Le gouvernement italien continue de s’en prendre aux ONG qui effectuent des opérations de recherche et de sauvetage (SAR). Tout récemment, le navire Mare Jonio de l’ONG Mediterranea Saving Humans, le seul de la flotte de sauvetage civil battant pavillon italien, a été arrêté et soumis à une inspection de plus d’une semaine, qui s’est terminée par l’ordre de "retirer du navire avant le départ le matériel et les fournitures embarqués à bord pour l’exécution du service de sauvetage". Un "ordre scandaleux et inacceptable, ainsi que la menace de conséquences pénales pour nos armateurs", a commenté Mediterranea, qui conteste la mesure. Selon l’ONG, la position du gouvernement serait prétexte : le navire est en effet reconnu comme équipé pour l’activité SAR, et pour cette raison il a été certifié par le Registre Naval Italien, pourtant : "il ne répondrait pas aux critères de deux circulaires émises en décembre 2021 et février 2022, qui requièrent des caractéristiques techniques particulières de la coque". Une affirmation absurde en soi", a souligné Mediterranea, ajoutant que "le gouvernement italien voudrait en faire la norme pour tous les pavillons européens, afin d’ entraver l’ensemble de la flotte civile".

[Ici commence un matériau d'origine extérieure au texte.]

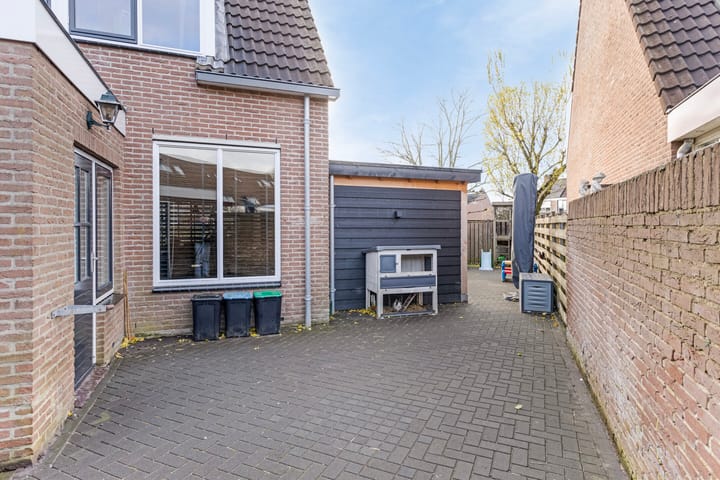 Foto 32 van Klaverstraat 8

LA DÉRIVE MORALE DE L’EUROPE

De son côté, l’Europe envoie des signaux contraires à la perspective d’un engagement commun guidé par le principe de la responsabilité partagée. L’Allemagne a bloqué la procédure de sélection des migrants arrivant d’Italie. Il s’agit du "mécanisme de solidarité", totalement volontaire et insuffisant, par lequel les pays européens décident d’autoriser ou non le transfert de migrants sur leur territoire. La position allemande répondrait à la décision prise par l’Italie en décembre dernier de suspendre le mécanisme lié au règlement de Dublin, en n’acceptant plus les migrants qui se sont installés en Allemagne bien qu’ils soient entrés sur le territoire de l’UE en Italie, et dont la demande au titre du règlement de Dublin doit être examinée par les autorités italiennes. La France a également annoncé son intention de renforcer les contrôles dans la zone située entre Menton et Vintimille, une zone où la frontière est fermée et militarisée pour les migrants depuis des années.

Compte tenu également des positions de Berlin et de Paris, la discussion sur le Pacte européen sur les migrations, prévue le 28 septembre prochain, s’annonce difficile. Dans le texte, présenté sous forme de projet au début du mois de juin, la seule synergie trouvée par les Etats membres porte sur la réduction des normes de protection des personnes qui arrivent : en effet, il prévoit l’institution de procédures destinées à causer des souffrances, telles que la détention, même pendant des mois, dans des centres fermés le long des frontières, et la possibilité de rejeter les personnes en quête de salut vers des pays jugés sûrs.

Face à la nécessité de repenser les politiques migratoires dans une optique de garantie des personnes et de respect du principe de responsabilité partagée, le Pacte européen risque au contraire de créer une plus grande division entre les pays situés aux frontières extérieures de l’Union et les pays situés à l’intérieur, et s’éloigne de plus en plus du concept de solidarité et de protection des droits.